Study design, materials and methods
Female pig bladders were obtained from a local abattoir and placed in cold Krebs bicarbonate (KB) solution. From each bladder dome, longitudinally oriented tissue strips were prepared: intact (I; detrusor + mucosa), denuded (D; detrusor with mucosa removed), mucosa alone (M), and reconstructed (R; denuded with previously isolated mucosa reattached). Strips were mounted in organ baths under a fixed (1.5 g) load in KB solution at 37°C. The effects of L-NG-nitro arginine methyl ester (L-NAME, 100 μM, nitric oxide synthase inhibitor), sodium nitroprusside (SNP, 10 μM; nitric oxide donor), or vehicle control (KB solution) on SCs were measured after incubating the four preparations for up to 30 mins. Tissues were then stimulated with 10 µM carbachol or 120 mM potassium chloride (KCl) in the continued presence of SNP, L-NAME or KB solution, and maximum tonic tensions were recorded. Mean amplitude (g tension/mg tissue) and frequency (events in 5 mins) of SCs, as well as tonic responses to carbachol and KCl with and without L-NAME and SNP, were recorded and compared across preparations. All data are expressed as mean ± SD. n = number of preparations. Statistical analyses used non-parametric t-test/ANOVA and appropriate post hoc tests.
Results
SNP significantly reduced the frequencies of SCs in intact, mucosa, and reconstructed strips within 5 mins, with recovery by 30 mins post incubation (Figure 1A). The same response to SNP was not detected in denuded strips where the mucosa was removed (Figure 1A). SNP had no significant effect on the amplitude of SCs in all preparations (Figure 1B).
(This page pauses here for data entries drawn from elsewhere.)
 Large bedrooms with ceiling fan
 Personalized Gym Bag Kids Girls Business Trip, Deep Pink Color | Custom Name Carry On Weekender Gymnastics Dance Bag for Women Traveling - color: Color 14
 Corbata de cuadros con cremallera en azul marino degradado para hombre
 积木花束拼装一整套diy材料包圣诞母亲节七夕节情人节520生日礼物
L-NAME significantly enhanced the frequencies of SCs in intact, mucosa and reconstructed preparations, but not in denuded strips, after 30 min of incubation (Figure 2A). L-NAME had a significant effect on the amplitude of SCs in intact strips only (Figure 2B)
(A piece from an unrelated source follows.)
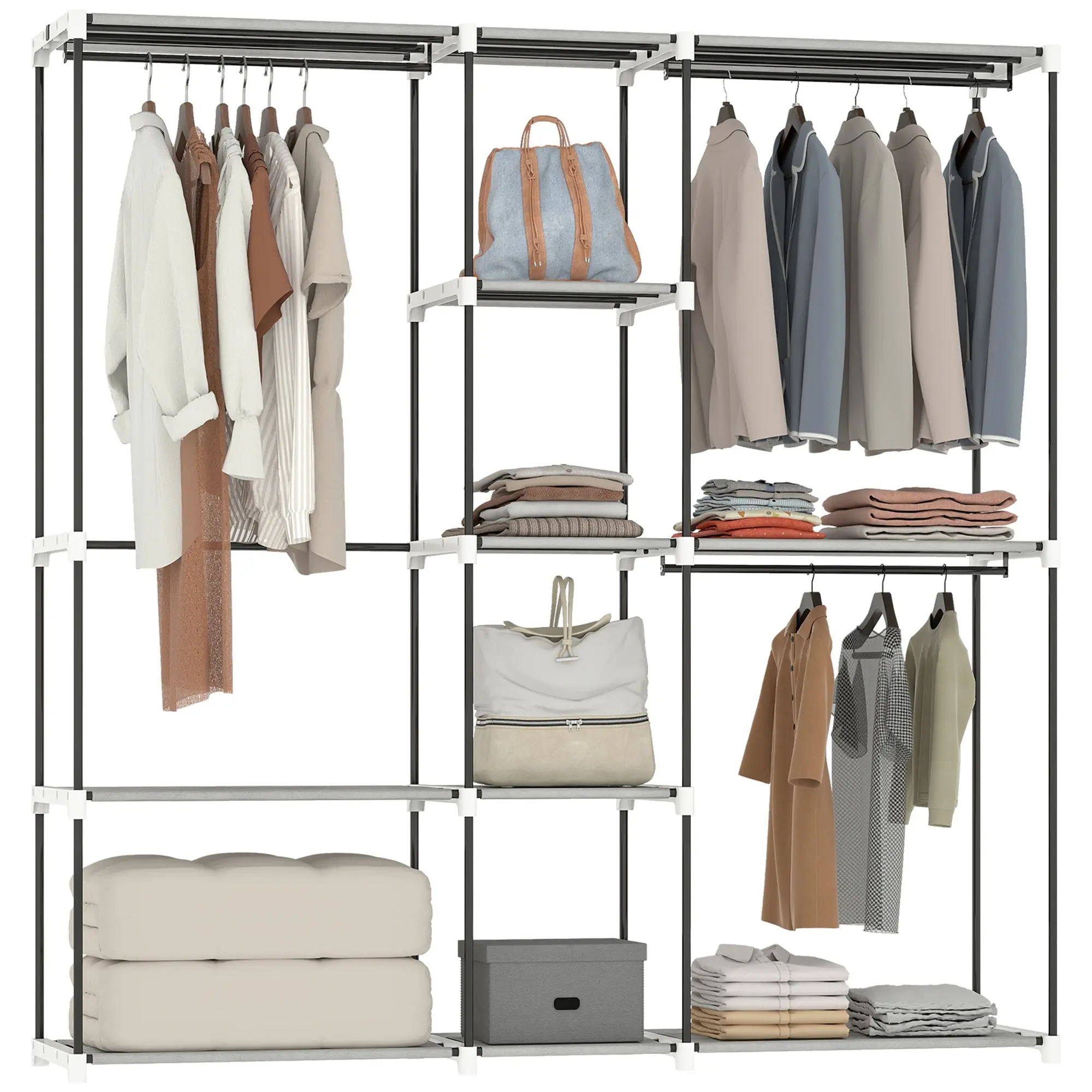 Freestanding Portable Wardrobe with 3 Hanging Rails & 8 Shelves, 182 x 43 x 185 cm, Light Grey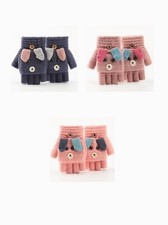 Soft Convertible Flip Top Gloves Kids Baby Winter Warm Knit Fingerless Mitten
The tonic responses to CCh and KCl were not altered in the presence of SNP or L-NAME in all bladder strips.
Interpretation of results
These findings support a role for mucosa-derived NO signalling in modulating SCs in the bladder wall. The lack of response in denuded strips suggests that the mucosa is the primary site of NO target/ production influencing such phasic activity.
The reversible inhibition of SC frequency by SNP may reflect NO’s short half-life in aqueous environments and a dynamic NO-mediated signalling pathway.
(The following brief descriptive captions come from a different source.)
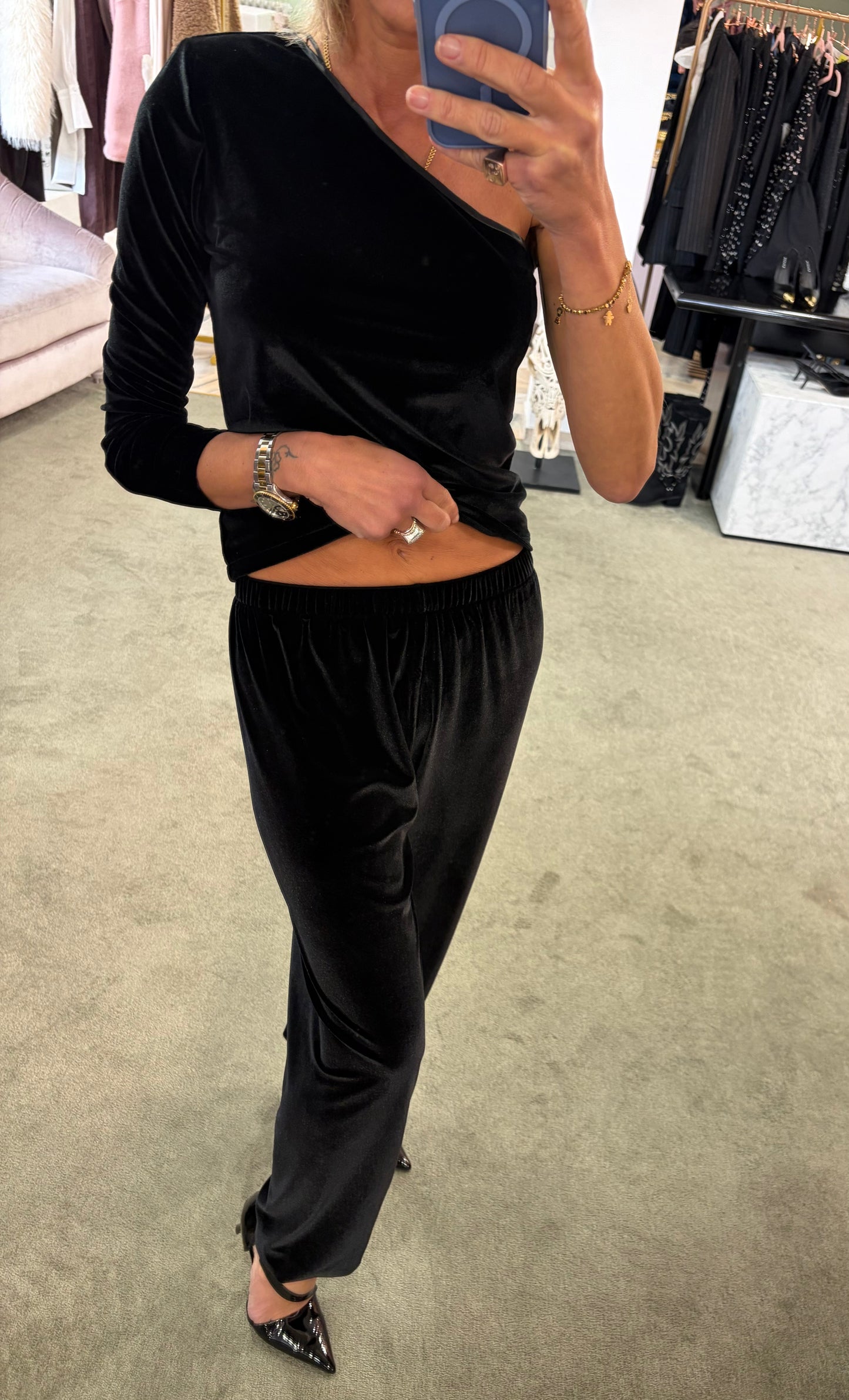 Pantaloni joggers neri in velluto mq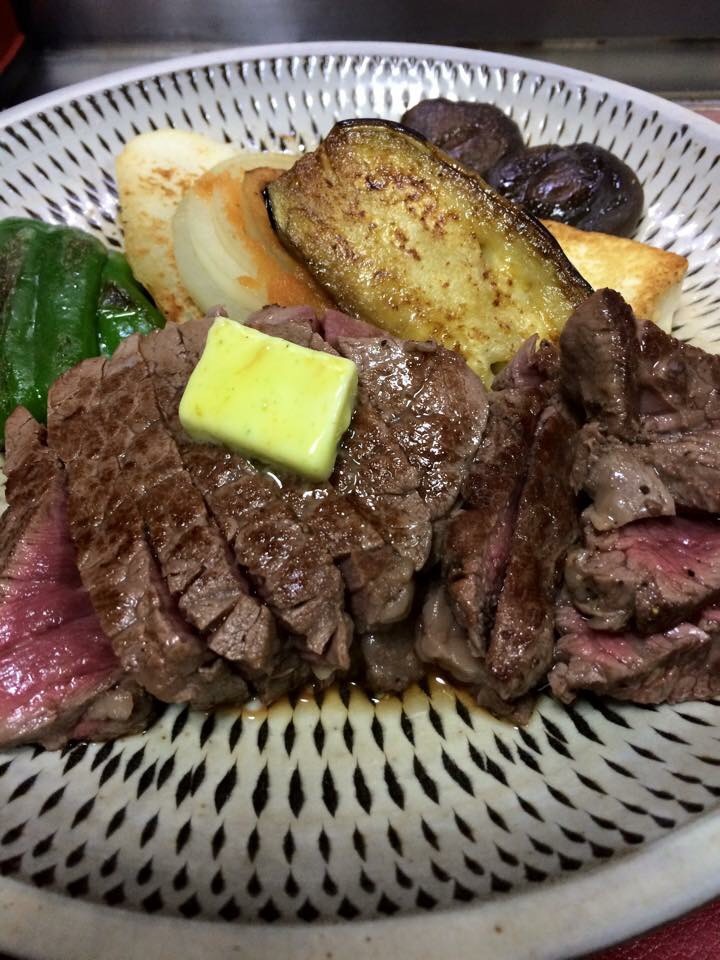 Grilled steak and vegetables at Hiyoko, Kanazawa
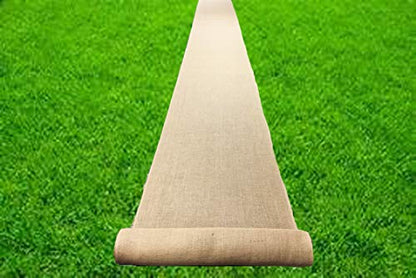 burlap aisle grass runner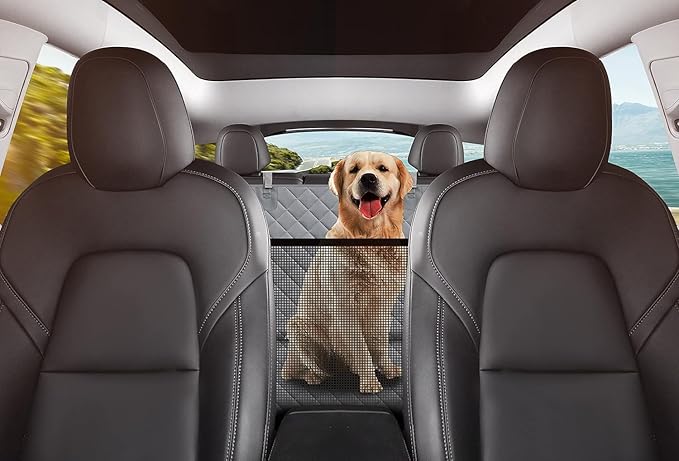 Dog Back Seat Cover Protector for Cars SUV and Trucks with Mesh Window, Scratchproof Nonslip and Waterproof Material(Grey)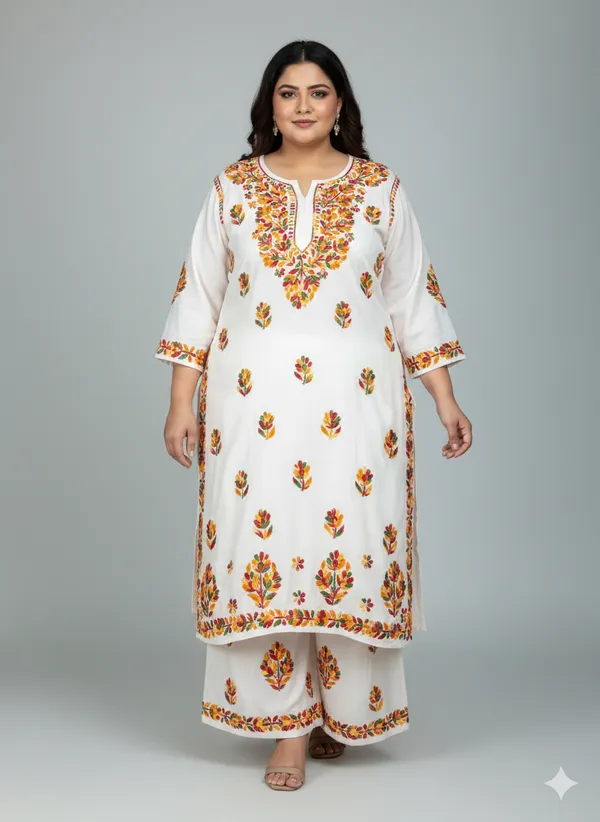 Premium_Rayon_Multicolor_Thread_Chikankari_Kurti_Palazzo_Set_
That tonic responses to carbachol and KCl were unaffected by NO modulation, suggesting NO selectively influences spontaneous, not evoked, contractions—indicating distinct regulatory mechanisms for SCs and tonic responses within the bladder wall.
Reattaching mucosa to denuded detrusor did not alter responses to NO modulators, suggesting a physical connection between layers is not required for NO-driven SC modulation.
Concluding message
This study demonstrates that NO selectively modulates spontaneous, but not evoked, pig bladder contractions, and that this effect is dependent on the presence of the mucosa. The absence of NO-mediated effects in denuded strips and their restoration in reconstructed tissues indicate that mucosa-derived NO plays a critical role in regulating detrusor phasic activity via a diffusible, rather than contact-dependent, mechanism. These findings enhance our understanding of mucosal regulation of bladder function and support the concept that altered NO signalling within the mucosa may contribute to the pathophysiology of detrusor overactivity.